The PLYM ferry has returned to service today (June 26) - providing a three-ferry service from 06.50 am.
The ferry was towed back to the port of Plymouth at the end of last week following the completion of its five yearly refit at A & P Falmouth.
Staff from Tamar Crossings and A&P Falmouth have spent the past few days removing the towing gear and preparing the vessel for service. This has included reconnecting the ferry to the chains, restoring the lifesaving & firefighting equipment and seating, and carrying out engineering trials of the upgraded chain drive system.
This work has now finished, and both the Maritime and Coastguard Agency and Lloyds Register have completed their inspections and have cleared the ferry for service.
The Torpoint Ferry is the world’s biggest and busiest chain ferry service and the UK’s busiest inland waterway ferry crossing – providing crossings for up to 8,000 vehicles and 1,500 pedestrians each day.
David List, General Manager of Tamar Crossings, said “The return of PLYM to service tomorrow morning is very good news.
“The refit has been a very complex project, and everyone involved with the project has worked exceptionally hard to complete the work and get the ferry into service.
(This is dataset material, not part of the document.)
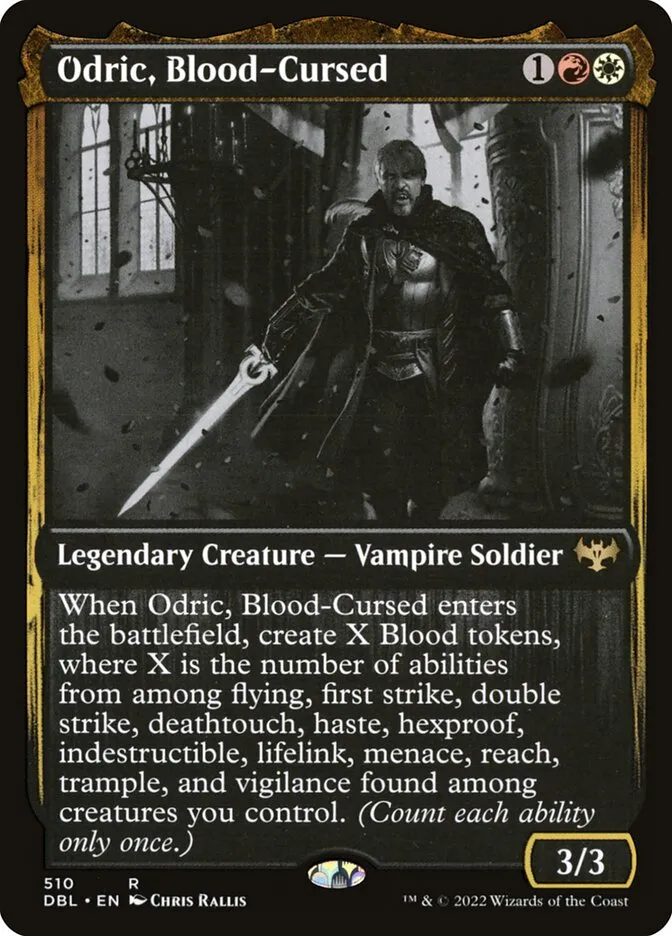 2022 Innistrad: Double Feature Odric, Blood-Cursed #510 rare card image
PLYM’s refit has included a number of key elements, including
- A mandatory dry docking to allow a survey of the underwater hull to ensure the material state is sufficient to safely last a further five years. This is a statutory requirement and satisfactory completion is required to allow the issue of a Chain Ferry Certificate by the regulatory authority, the Maritime and Coastguard Agency.
- Replacing systems and equipment that are becoming obsolete or have reached end of life, including chainwheel drive couplings and bearings together with propulsion motor electronic drive components.
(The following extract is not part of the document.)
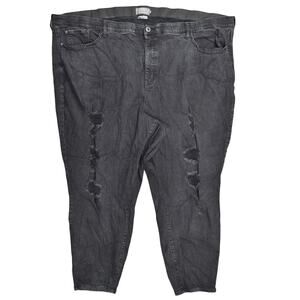 Torrid Jeans Size 30 Plus Black Sky High Skinny High Rise Zip Solid Cotton Blend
- Repainting the vessel both above and below the waterline.
“These refits are essential to maximise the life of the ferries and ensure that we continue to provide a safe and reliable service.” said David List. “During the period of two ferry operation the staff at the ferry have worked hard to minimise disruption to service, and any defect repairs have been carried out as quickly as possible.
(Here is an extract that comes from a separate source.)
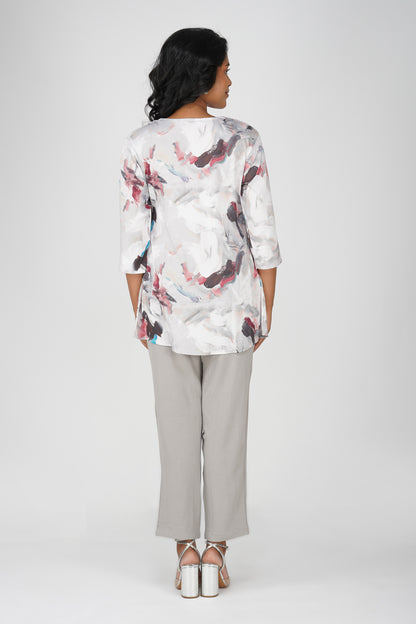 Grey Swarovski Tunic Co-ord – Printed Casual Set with Straight Pants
“I would like to thank drivers and passengers for their patience during this period. " b
Tamar Crossings operate the ferries 24 hours a day, 365 days a year, in all weathers. Achieving this requires a significant planned maintenance programme. While the majority of maintenance is carried out while the vessels are afloat or during off peak periods while an individual vessel is not on scheduled service, some maintenance activities have to be carried out during refits in dry dock conditions. Each of the three ferries undergoes a full refit every five years. PLYM is the first of the ferries to undergo a refit during this five-year cycle. TAMAR’s next refit is scheduled to take place in April 2024, and LYNHER’s in April 2025.